# [Assigned task]
Nothing but the lines below from the one holding "TRUBE ガールイラストトートバッグ N92-104|背面ファスナーポケット付き・収納力のある軽量ナイロンバッグ" up to and including the one holding "на пр. Яворницкого" should be copied, exactly and without pictures.

# [Task data]
________________

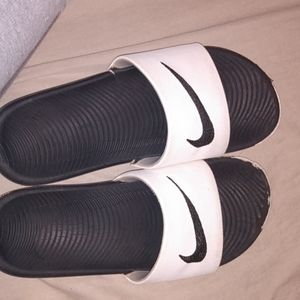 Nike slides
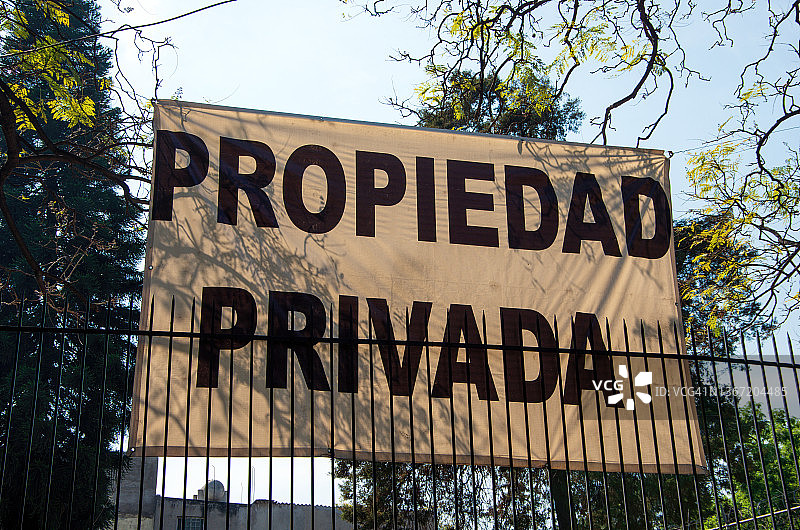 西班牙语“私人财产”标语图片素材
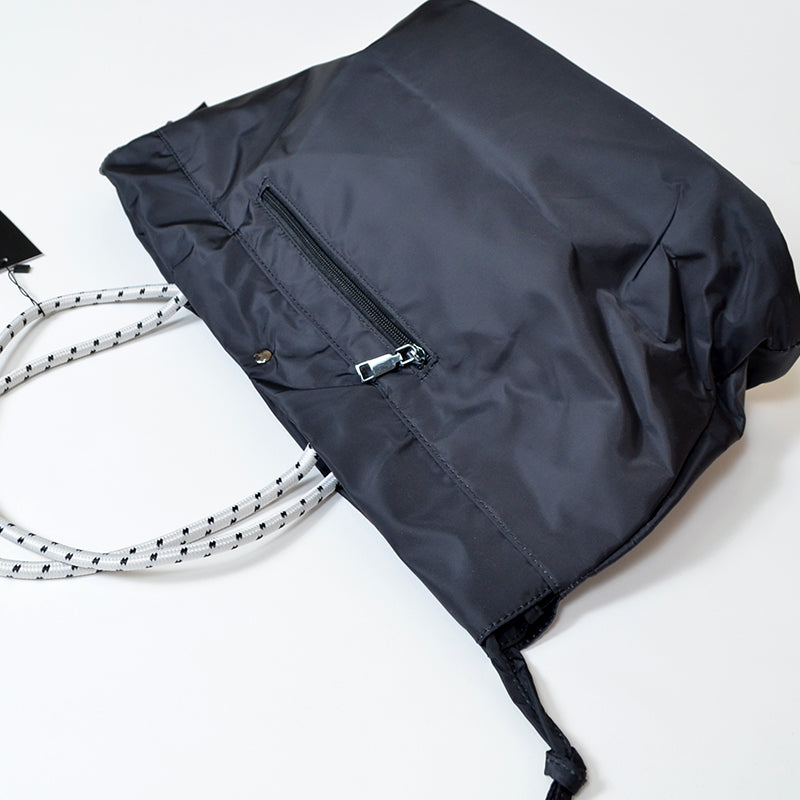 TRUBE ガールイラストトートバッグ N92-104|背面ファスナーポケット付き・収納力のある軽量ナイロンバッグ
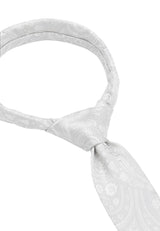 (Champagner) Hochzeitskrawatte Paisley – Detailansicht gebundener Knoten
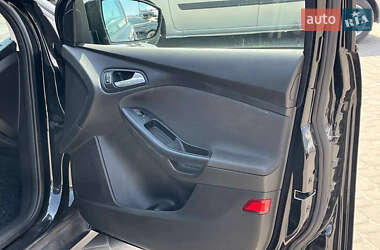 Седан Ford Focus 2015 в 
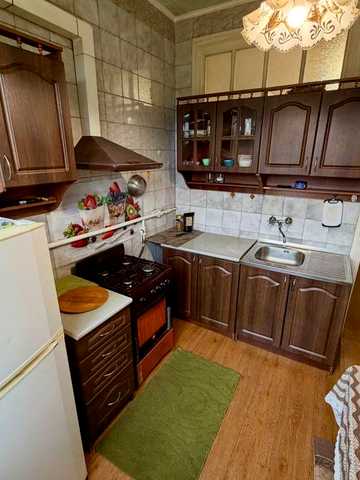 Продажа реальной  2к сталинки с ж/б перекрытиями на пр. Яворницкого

________________

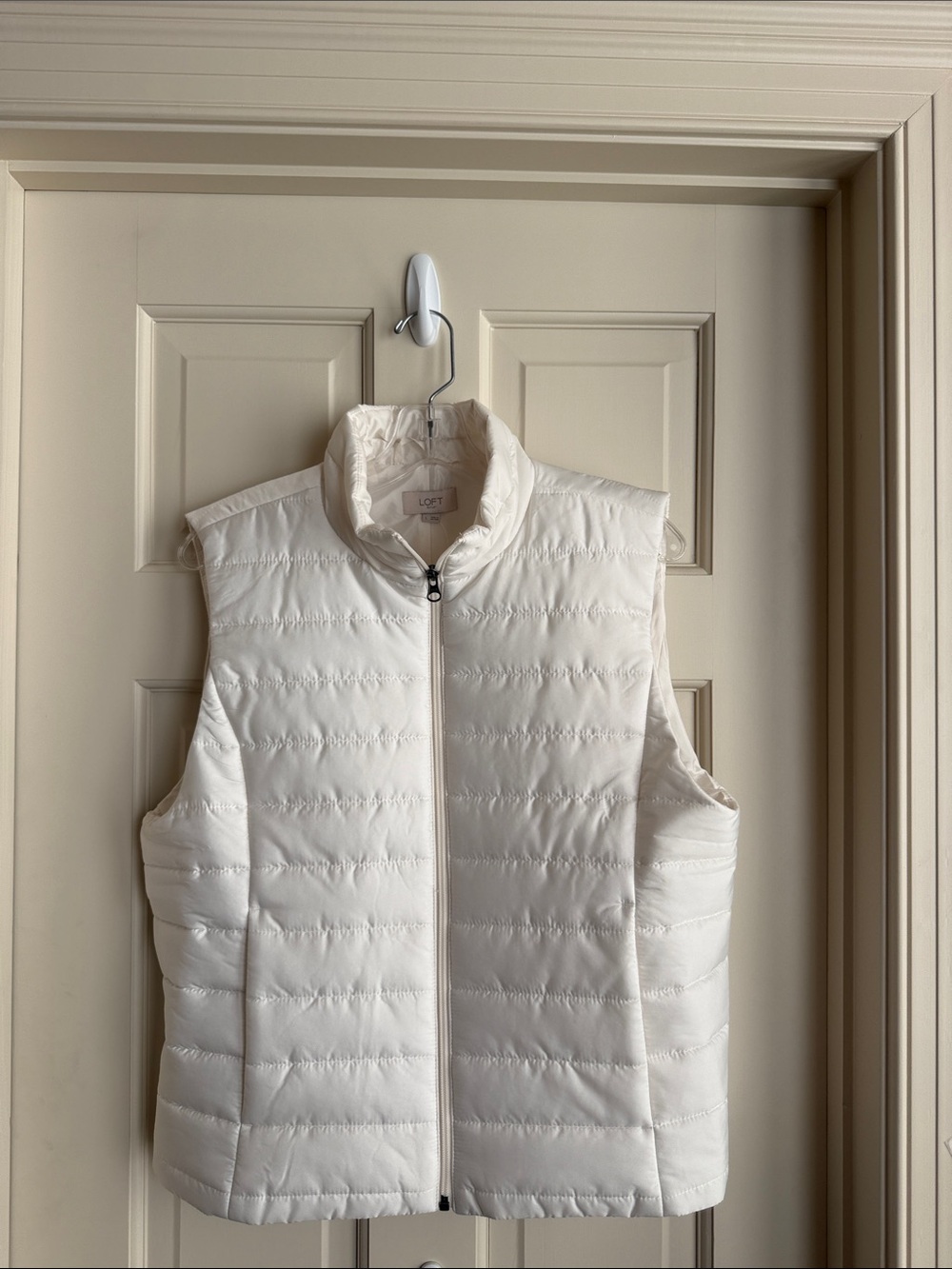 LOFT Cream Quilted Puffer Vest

________________

# [Expected answer]
 TRUBE ガールイラストトートバッグ N92-104|背面ファスナーポケット付き・収納力のある軽量ナイロンバッグ
 (Champagner) Hochzeitskrawatte Paisley – Detailansicht gebundener Knoten
 Седан Ford Focus 2015 в 
 Продажа реальной  2к сталинки с ж/б перекрытиями на пр. Яворницкого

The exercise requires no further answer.